By Aleteia
Sylvain Dorient
Due sono i pilastri della presenza cristiana ad Alqosh: il primo, il sacerdote, spicca tra i suoi interlocutori per la sua statura, avvolta in una tonaca nera. Si adatta ai capelli e alla barba, entrambi nerissimi, che evocano il profilo di un guerriero persiano. L’altro è un vero guerriero, con barba e capelli grigi che contrastano con i suoi autoritari occhi neri. Si mostra comunque affabile alla presenza di padre Haram. Saluta anche con un bacio il suo interlocutore, com’è abitudine tra gli amici in Oriente. In base a quanto afferma questo colonnello peshmerga, “questo prete è mio cugino”.
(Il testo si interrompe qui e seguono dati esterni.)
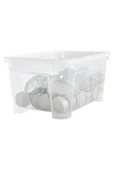 IKEA Samla Şeffaf Saklama Kabı 5 Lt 70102972 - 1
Riconciliati di fronte al Daesh
Il militare, curdo, assicura la difesa della zona tra gli jihadisti e Alqosh. Il sacerdote, assiro, assicura con la sua autorità e la sua presenza accanto agli abitanti del villaggio che i cristiani hanno ancora il proprio posto nelle loro terre ancestrali e non c’è motivo di fuggire. In altri tempi, curdi e assiri erano nemici. Qui, a 45 chilometri a nord di Mosul, i cristiani ricordano che i curdi hanno partecipato al genocidio del 1915, ma è anche vero che i peshmerga curdi hanno protetto i cristiani contro il Daesh nel 2014, evitando che la follia jihadista diffondesse il loro regime di terrore nel Kurdistan iracheno.
Amicizie orientali
Il colonnello spiega che il padre del sacerdote Haram è stato professore di suo padre. “Grazie a lui mio padre è diventato un uomo istruito”, afferma. “Grazie a lui, oggi io sono colonnello!” Quest’uomo, che resiste nella zona tanto spesso oggetto di attacchi, si sente “orgoglioso di proteggere i cristiani”. Alcuni mesi fa il Daesh ha sferrato una nuova offensiva finendo per impossessarsi brevemente di Telskuf, un altro villaggio cristiano, oggi una distesa di rovine abitata da militari.
Ai confini della piana di Ninive
Alqosh si appoggia alla catena di colline che chiude la parte settentrionale della piana di Ninive. Ai suoi piedi, i campi di cereali, bruciati dal sole, ricordano un deserto giallo paglia in cui la monotonia viene turbata solo dalle rovine e dai bastioni curdi. Dall’alto delle colline, gli abitanti sono testimoni dei bombardamenti; alcuni di loro partecipano alla difesa della propria terra avendo aderito alle milizie cristiane. Tutte le notti illuminano delle grandi croci sui rilievi che circondano le proprie case.
Dicono che fanno impazzire gli jihadisti, perché riescono a vedere le croci da lontano ma non possono abbatterle. Immaginano i loro nemici che lanciano maledizioni contro di loro, “gli infedeli” che vivono sotto il simbolo di Gesù, il loro Salvatore, il Principe della Pace, a solo qualche chilometro dal loro odio e dalle loro armi.